Search code examples
pythonalgorithmsortingheapsort

How do I improve my Python code about heap sort?


I tried to write a heap sort program myself for Leetcode 217. Contains Duplicate as below rather than using Python built-in sort method. Leetcode should accept heap sort method, but for some reasons I don't know, although my heap sort program works well, I still got the runtime rejection from Leetcode. Can anyone help?

Solved, below code is re-edited using Floyd algorithm to initialize heap and has passed Leetcode

def heapsort(nums):

    def swap(i, j):

        nums[i], nums[j] = nums[j], nums[i]


    def sift(start, size):

        l = (start << 1) + 1 # Do not forget () for <<
        r = l + 1
        largest = start
        if l <= size - 1 and nums[start] < nums[l]:
            largest = l
        if r <= size - 1 and nums[largest] < nums[r]:
            largest = r   
        if largest != start:
            swap(start, largest)
            sift(largest, size)


    size = len(nums)

    # Initialize heap (Floyd Algorithm)
    end = (size >> 1) - 1
    while end >= 0:
        sift(end, size)
        end -= 1
    swap(0, size - 1)
    size -= 1

    # Heapify recursively
    while size > 1:
        sift(0, size)
        swap(0, size - 1)
        size -= 1

Solution

  • Your code does way too much. You're rebuilding the entire heap with every item that you remove. So what should be an O(n log n) algorithm is instead O(n^2).

    Essentially, your code is doing this:

    while array is not empty
        rearrange array into a heap
        extract the smallest item
    

    Rearranging the heap takes, at best, O(n) time. And extracting the smallest takes O(log n). So your algorithm is O(n^2 + n log n).

    Actually, your method of building the heap from the bottom up is O(n log n) in itself. So your heap sort algorithm is actually O((n+1)*(n log n)). In any case, it's a highly sub-optimal algorithm.

    The idea behind heap sort is that you arrange the array into a heap one time. That is an O(n) operation. The algorithm is pretty simple:

    for i = heap.length/2 downto 1
        siftDown(i)
    

    This is called Floyd's algorithm, after its inventor.

    Note that we start in the middle of the array and sift down. The idea is that the last n/2 items are leaf nodes, so they can't sift down, anyway. By starting at n/2 and working backwards, we can heapify the entire array in O(n) time.
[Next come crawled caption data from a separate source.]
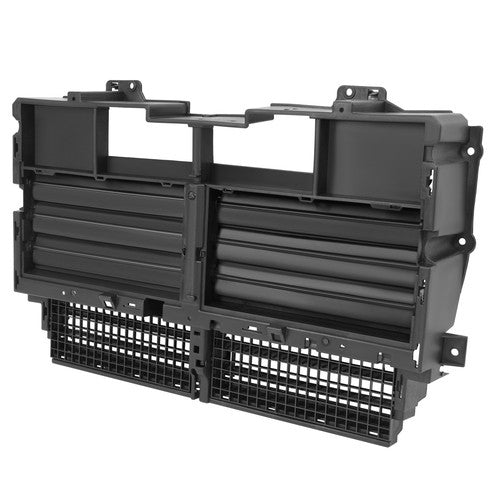 Active Grille Shutter W O Motor For 2015-2022 Chevrolet Colorado GMC Canyon
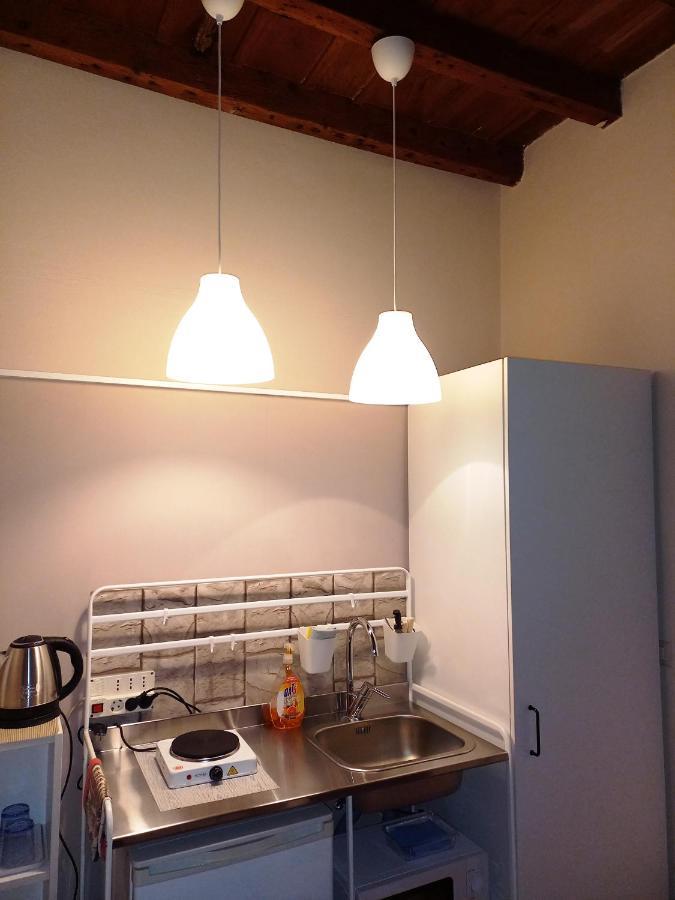 Il Rifugio Di Elizabeth Bed & Breakfast Bergamo Dış mekan fotoğraf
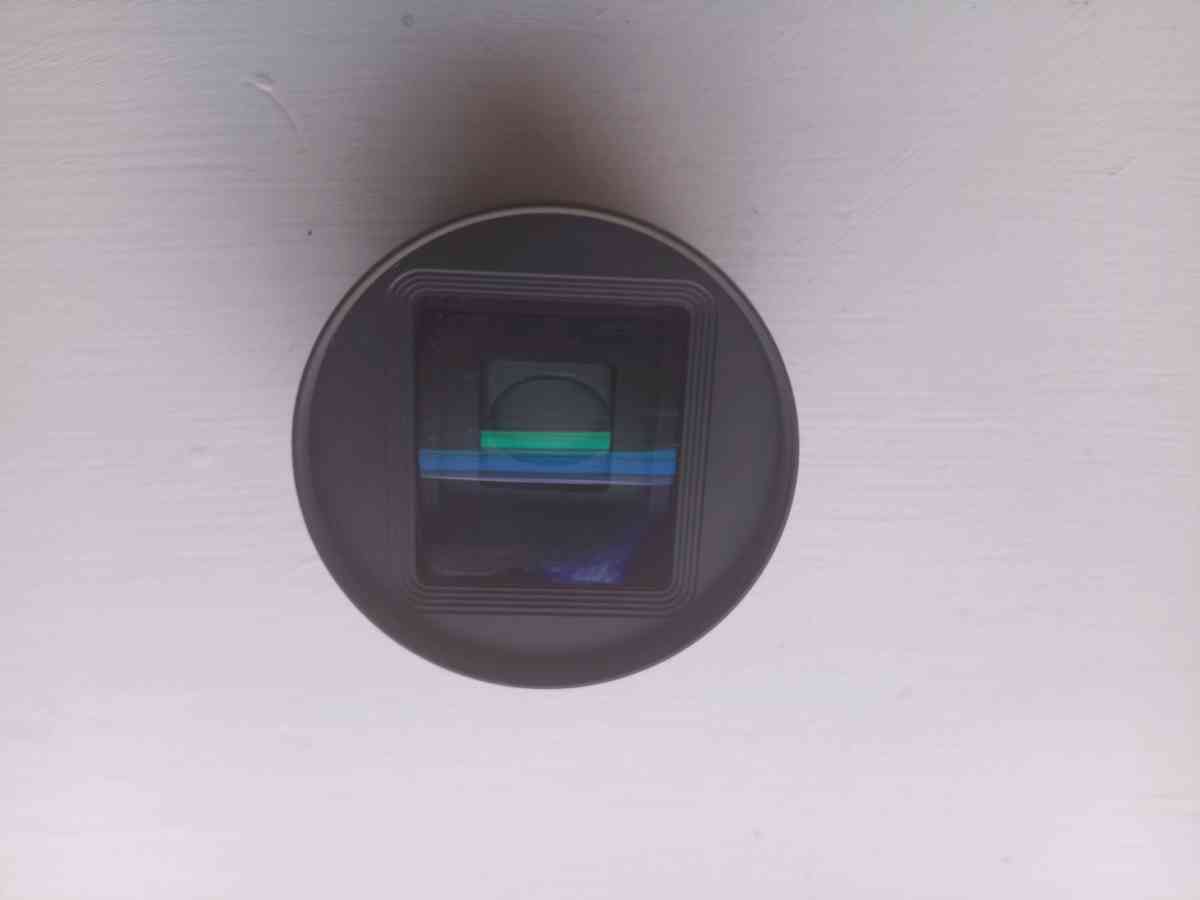 Apple Anamorphic Sandmarc Lens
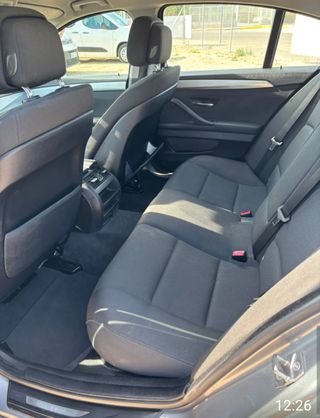 BMW 520d 184cv diesel. Serie 5. 6v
    After the array is arranged into a heap, we do the following:

    while heap is not empty
        output the item at heap[0]
        move the item at the end of the heap to heap[0]
        reduce the count of items by 1
        siftDown(0)
    

    The item at heap[0] is the smallest item remaining in the heap, so we output it. Then, there's no need to rebuild the entire heap. All you have to do is take the last item in the heap, place it at the top, and sift it down into position. The rest of the heap remains valid.

    Making those changes should reduce the running time, although I don't know if that's going to make your code acceptable. There is another way to check for duplicates. It requires O(n) extra space, but it's faster than sorting.

    The idea is to create a hash table and then go through the array, checking if the item is in the hash table. If not, add it. If it's already in the table, then it's a duplicate. As Harold pointed out, Python has a set type that makes this kind of thing easy to do.